Judgment under uncertainty is a key theme in The Whale and the Supercomputer, Charles Wohlforth's remarkable new book on climate change and the Arctic. These are weighty topics, but Wohlforth, a longtime Alaska resident and writer, approaches them in a wonderfully readable manner, interweaving his journalistic accounts of native whalers and scientific researchers in a method reminiscent of books like Peter Steinhart's The Company of Wolves. And when he does depart from journalism into exposition, his language is balanced but vivid: "Thanks to this reflective quality, called albedo ... the snow over the top of the world cools the planet like a foil dashboard shade on a car parked in the hot sun." Never has the complicated science of climate change been presented so clearly.
Wohlforth spent a great deal of time in Barrow, the northernmost town in the United States. His depiction of the whalers is affectionate yet unsentimental -- as a native population, the Inupiat have not hesitated to take advantage of the practical benefits of Western science (snow machines, heating oil, VHF radios) and to participate and prevail in national and international political battles over oil wealth and whaling quotas ("It's a lot of goddamned work running a billion-dollar corporation," observes Oliver Leavitt, Inupiaq whaler and chairman of the Arctic Slope Regional Corp.). Wohlforth's depiction of the research scientists -- both in Barrow and elsewhere -- is equally realistic. Watching ecologists pluck and sort tiny plants from clods of tundra for 14 hours a day at Toolik Lake Field Camp, Wohlforth reminds us that science is 1 percent inspiration and 99 percent perspiration -- and another 50 percent writing grant proposals.
"They use science to prove things we already know," grumbles elder Warren Matumeak about the researchers he advises. But "knowing" can be a malleable concept. Despite the differences between the lived experience of Native Americans and the methodical analytics of scientists, both groups are struggling to understand and predict the same natural world, and both can be humbled by its dynamics and complexity.
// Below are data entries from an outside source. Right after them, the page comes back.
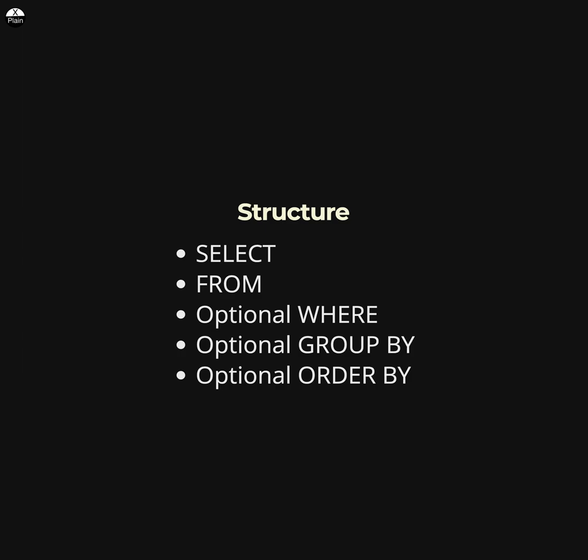An optional GROUP BY clause groups rows with similar values. An optional HAVING clause specifies a condition for the group specified in the GROUP BY clause. An optional ORDER BY clause sorts the rows in the result set.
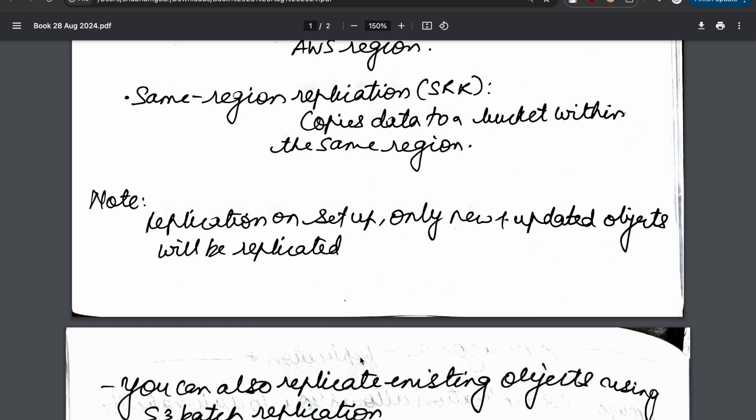However, the existing objects won't be replicated. In order to replicate your existing objects, there is a batch replication option that you can enable to copy the entire S3 bucket to that specific region. Also, if there is an object which you have been updating, that will also be replicated, provided the condition is met.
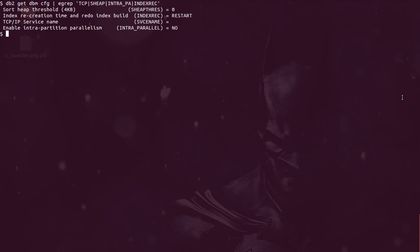Hello guys, welcome back. Today we are going to talk about the rest of the instance configuration parameters. This is the last set of important parameters which we should be aware of. Basically, we have four parameters which we will go through in this tutorial. First one we have the sort heap threshold, then the index recreation time variable, then TCP IP service name, and intra-partition parallelism parameter.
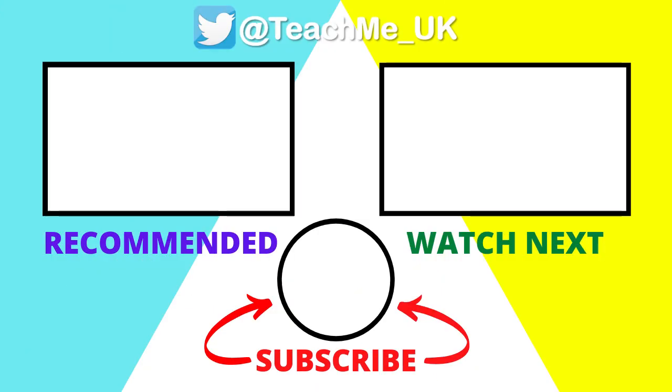Click on one of the options here to continue to enhance your teaching and learning and don't forget to subscribe to the Teach Me channel.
For whalers, it may be the approach of an unheralded storm or the sudden arrival of an ivu -- the collision of a massive ice floe against the shore-fast ice, which produces an earthquake-like shudder of destruction for those caught too close. For scientists, the vast complexity of climate systems has taught many of them the limitations of their generalized circulation models, those colorful but hypercomplicated simulations of the Earth that we see pictured in the newspaper after each climate conference. In such models, the number of possible variables is near infinite, while our understanding of the natural processes underlying each variable is in its infancy at best. Meanwhile, the unrelenting logic of chaotic systems, which declares that one can't possibly predict the future state of such a system without being impossibly accurate about its initial starting conditions, leaves science at a loss. "People don't understand the earth, but they want to, so they build a model, and then they have two things they don't understand," says Gerard Roe of the University of Washington.
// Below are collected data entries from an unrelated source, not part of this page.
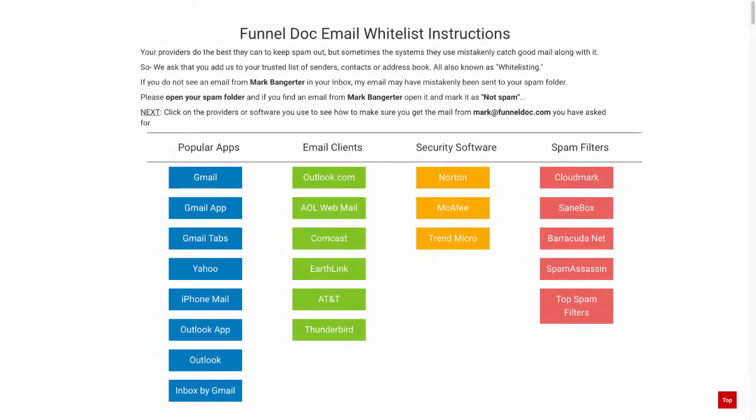This is Mark, head of customer education here at ClickFunnels, and in this video I'll be showing you how you can set up an email whitelist instructions page just like you see here. The purpose of this is to have a page where you can send users after they opt in and ask them to whitelist your sending email.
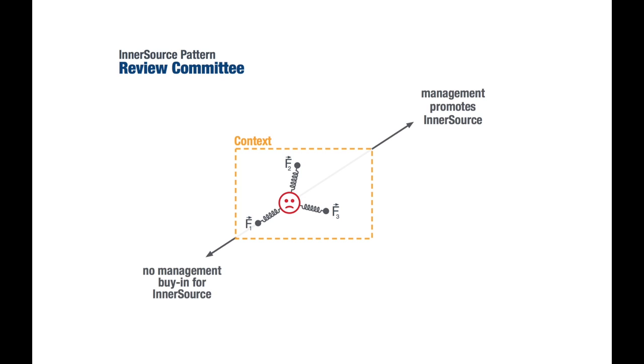And this is force one. So what this pattern does is eliminate this force by establishing a new force: a mechanism which allows managers to constructively influence InnerSource activities. This mechanism is called Review Committee and is described in the resolution section of the pattern.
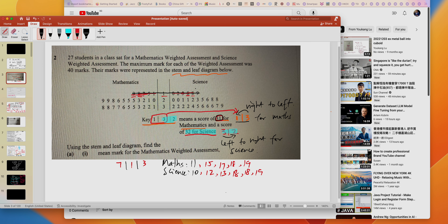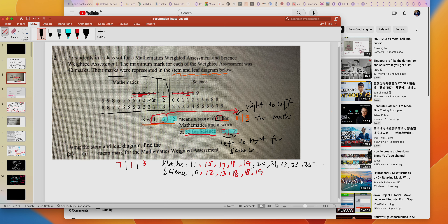Continue the same process for the second and third rows. I'll speed through it now. For mathematics: zero two — good; one one two — good; two two — that's 23; then 25, and so on. After extracting all the science and math scores, your job is to find the mean mark for mathematics.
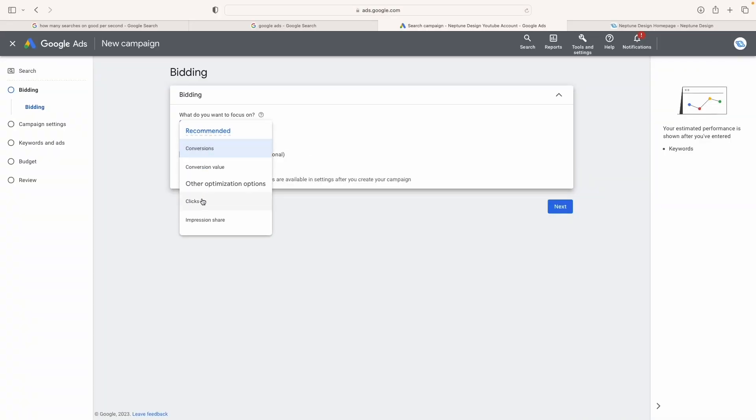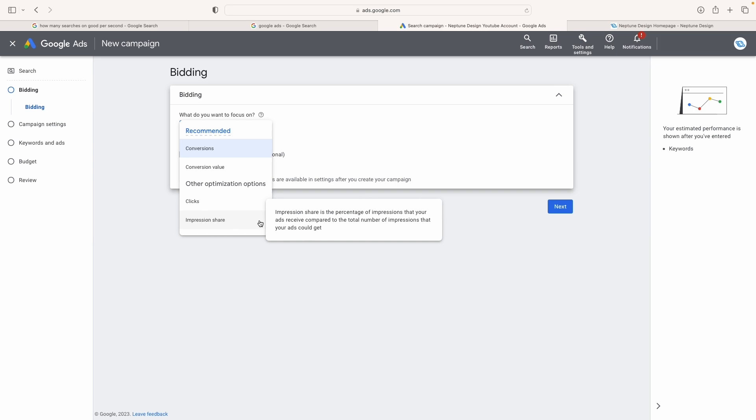Have you ever wondered how bidding strategies work in Google Ads? Like, have you ever gotten to this menu and wondered if you should choose focus on conversions, or focus on clicks, or focus on target impression share? Well, in today's video I'm going to explain exactly what you should pick and how they work.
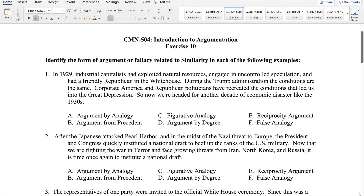This will be a review of homework exercise 10, where you are asked to choose from among the multiple choice options the argument form or the fallacy represented in each of the passages. Here we are working within the category of interpretation of similarity arguments.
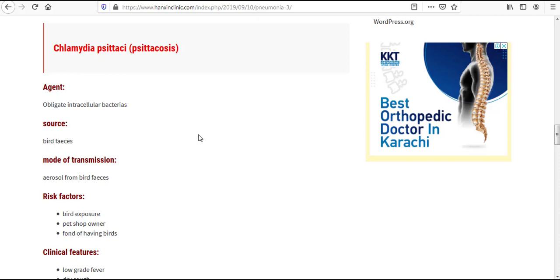Hello everyone, how you doing there? I am back with a new informative video from the same website www.hanshinclinic.com.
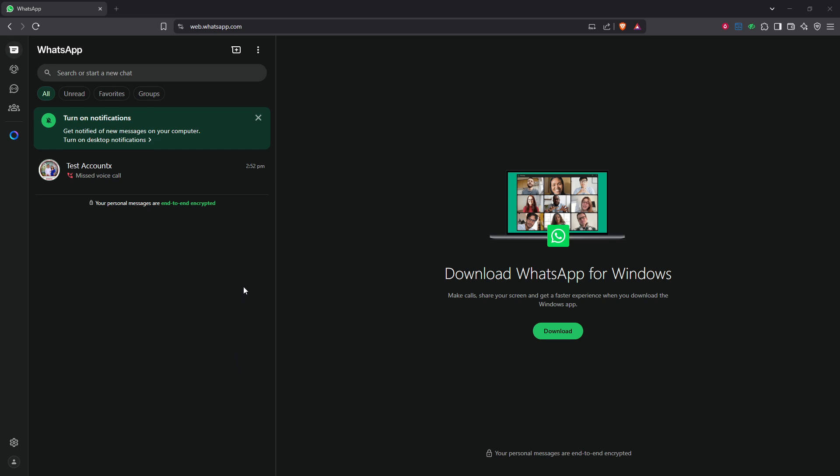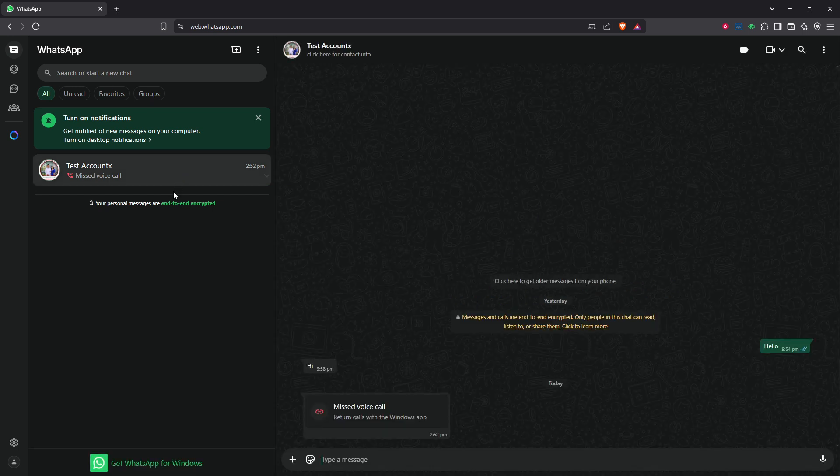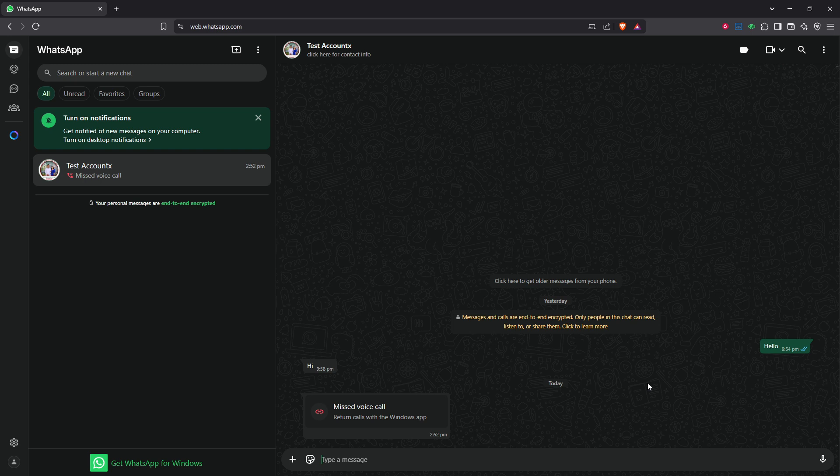You'll want to start by opening individual chats on WhatsApp Web. This means clicking on the name of the person or group you chatted with, which opens up your conversation history.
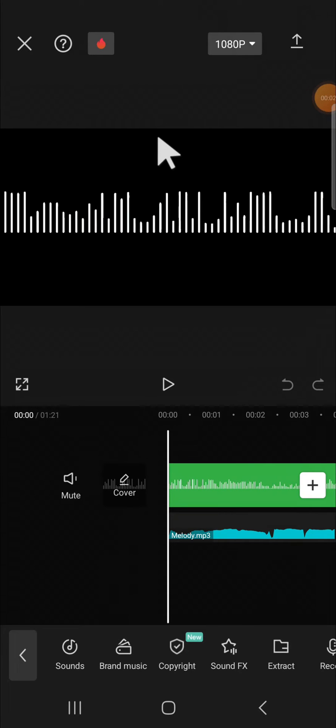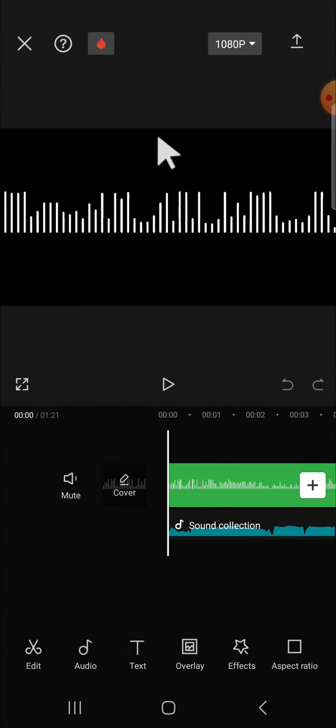Hello guys, welcome back to this channel. In today's video, I'm going to show you how to speed up audio or slow down audio in CapCut's application. Alright guys, let's get into it.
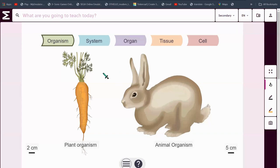Hey everyone, my name is Adisha and welcome to Learn with Adisha.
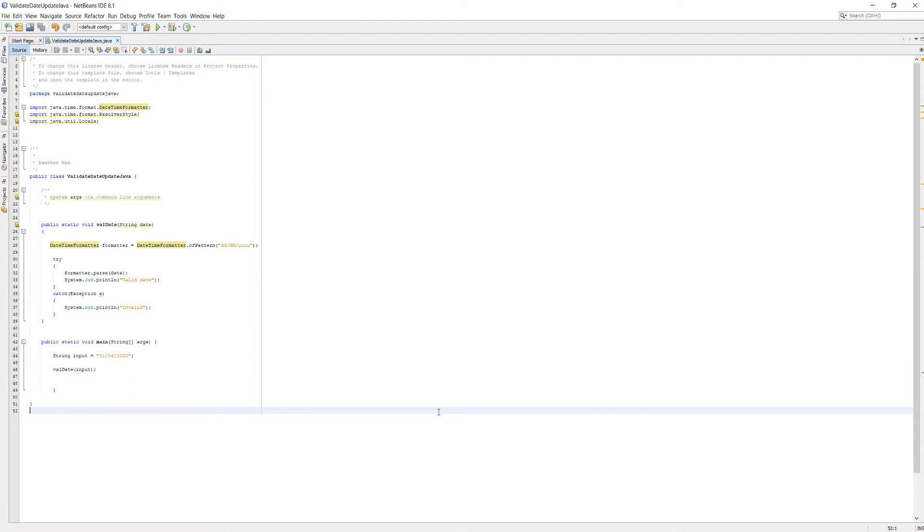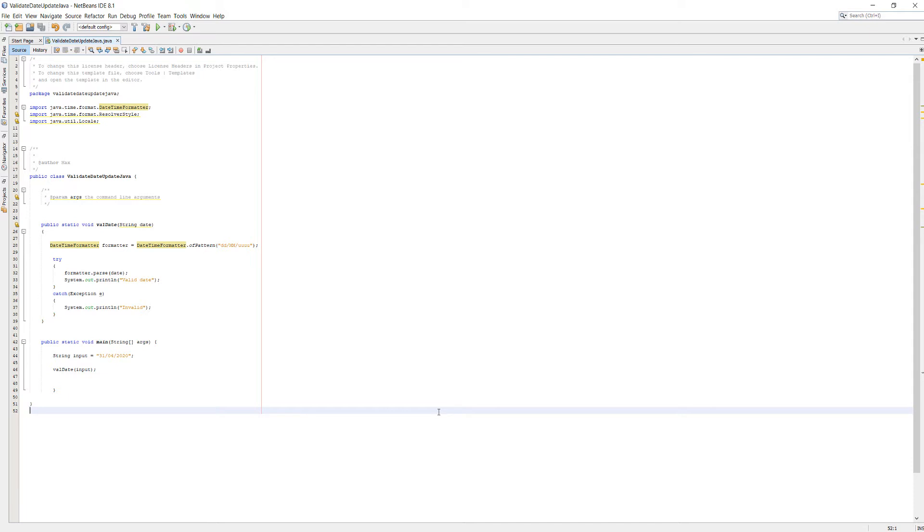So I made a video on how to use the DateTimeFormatter to validate if the date is valid or not, and someone pointed out in the comments April only has 30 days not 31. In the video I tested the 31st of April as a date and it returned valid when April only has 30 days. So there's clearly a minor problem with this program so I'm going to show you how to fix that.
This uncertainty, of course, has spawned endless scientific and political debate about the existence and nature of climate change. But Wohlforth wisely points out that though we can't create models that eliminate (or even reduce) the number of uncertainties, we can at least choose to "rank important certainties above trivial unknowns." After all, we do understand the dynamics of the mechanism that causes global warming, and we do understand the importance of greenhouse gases as a determinant of our planet's temperature, an importance second only to the sun. The global climate is like a massive machine with banks of labeled dials. We can't know for sure what the machine will produce when all the dials are turned in different directions, but we do know that we're deliberately cranking the second-biggest dial -- the one labeled "atmospheric CO2 content" -- far beyond any previous setting. And in doing so, we're performing an irreversible experiment with the only planet we've got.
By the quick action of the North Slope Borough's search and rescue helicopters, all the whalers were rescued that day on the ice. Glenn learned a hard lesson in humility and prudence, and in the difficulty of making certain judgments about nature. But if we, despite all our science and wealth, misjudge climate change here on Earth -- because as the prerequisite for action we require a level of certainty that we can never obtain -- who will come to rescue us?